Navy Secretary Carlos Del Toro, right, and Rear Adm. Peter Garvin, commander of the Navy Education and Training Command, administer the oath of enlistment to future sailors on Dec. 11, 2021, during the Army-Navy football game held at the MetLife Stadium in New Jersey. (Diana Quinlan/U.S. Navy)

The Navy is now accepting recruits who score in the lowest-qualifying range on a mandatory entrance exam to bolster enlistment numbers as service leaders grapple with a complicated job market throughout the United States, a service official said Tuesday.

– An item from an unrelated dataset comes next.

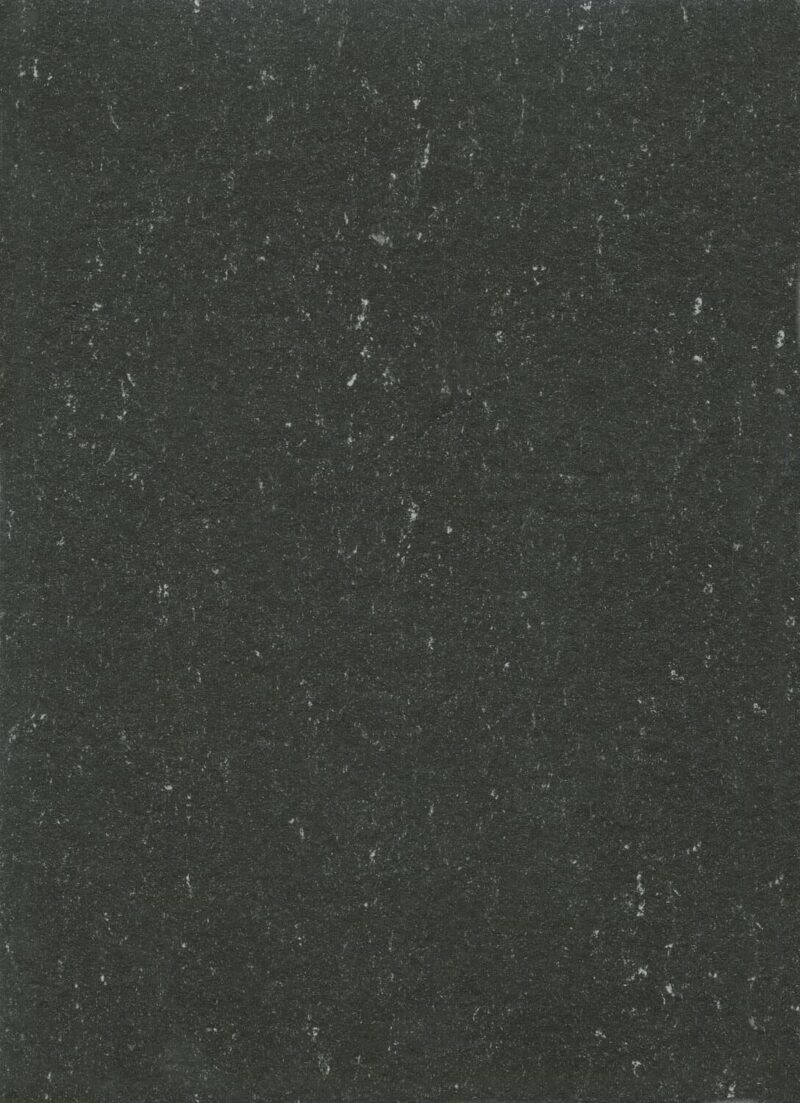 DLW Flooring 0081 Private Black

The Navy will accept up to 7,540 high school graduates in fiscal 2023 who score in the 10th to 30th percentile amongst their peers on the mandatory Armed Forces Qualification Test, according to a policy memorandum signed by Rear Adm. Alexis Walker that went into effect Monday. It is the lowest range from which the Pentagon allows services to enlist recruits, known as Category IV. By accepting prospective sailors who score in that range, the service hopes to meet its goal of enlisting 37,700 active-duty enlisted sailors in fiscal 2023, an increase of 4,300 from last year, said Cmdr. David Benham, a spokesman for Navy Recruiting Command.

"As we continue to navigate a challenging recruiting environment, changing the AFQT requirement removes a potential barrier to enlistment, allowing us to widen the pool of potential recruits and creating opportunities for personnel who wish to serve,” Benham wrote Tuesday in an email.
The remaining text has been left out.